The other side of concentration

Friday, Oct 16th 2020

Commentary

In investing, "customer concentration" refers to when a company derives a meaningful portion of its revenue from one or a small handful of large customers. Often viewed as a risk and source of volatility, it means one-off changes to a few customers can have an outsized impact on the company.

However, we think customer concentration can ironically be a revealing indicator of a business that's poised to grow exponentially.

Take Fastly and Twilio for example, which we discussed yesterday. (We own these stocks for our clients in Opportunities and Flagship, respectively).

Both companies at some point had individual customers that represented over 12% of total revenues - TikTok in the case of Fastly, and Uber in the case of Twilio (back in 2017). Both companies also saw dramatic fluctuations in their stock prices due to this customer concentration. Fastly just experienced this yesterday, but Twilio went through a near-identical experience back in 2017. 

Early that year, Twilio plunged 26% in one day after reduced spending from Uber drove a cut in topline forecasts. But in the three years that followed, Twilio went on to 10x its stock price while increasing its annual revenue base by more than 100x the value of that original shortfall.

Did Uber dramatically ramp its spending back up? No. Twilio's Uber exposure actually kept declining as the strength of Twilio's offering attracted new customers ranging from startups to titans of industry at similar scale as Uber. That's the other side of customer concentration that often goes unappreciated. 

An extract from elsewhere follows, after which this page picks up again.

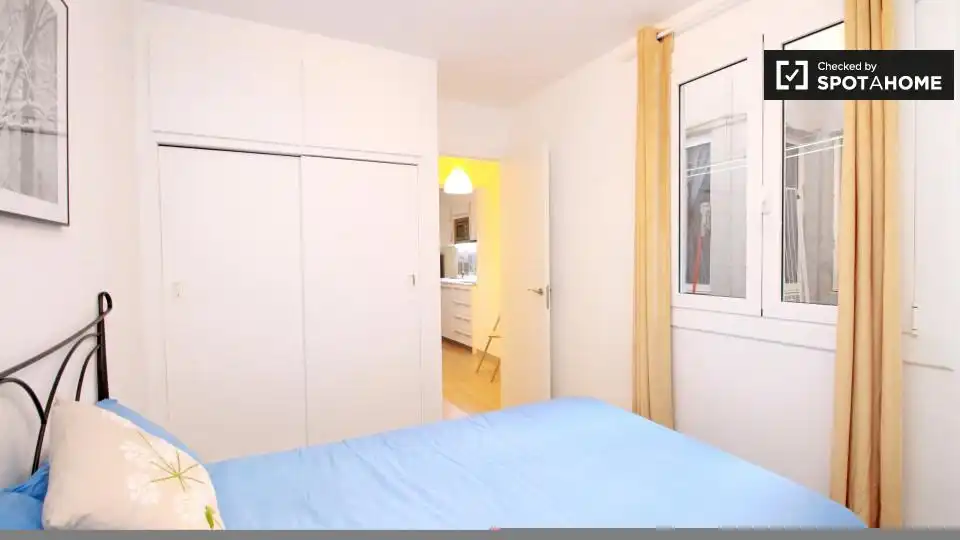 Dormitori de Apartament per a compartir en Barcelona amb Aire condicionat, Calefacció i Terrassa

While customer concentration can happen for many reasons, it can be an indication of a very high quality product intersecting with a company still early on its growth curve - an attractive dynamic for long-term investors.

It's not easy for a young company to build a product that's so good it passes the smell test of even the largest customers (like Uber). When that happens, often the result is customer concentration. But it's just one of the many signposts of a small company able to hook a fish that typically swims in a much larger pond. 

As Twilio has shown, in a big enough pond, you don't need to catch every fish to bring in a large haul. We think Fastly will follow a similar journey.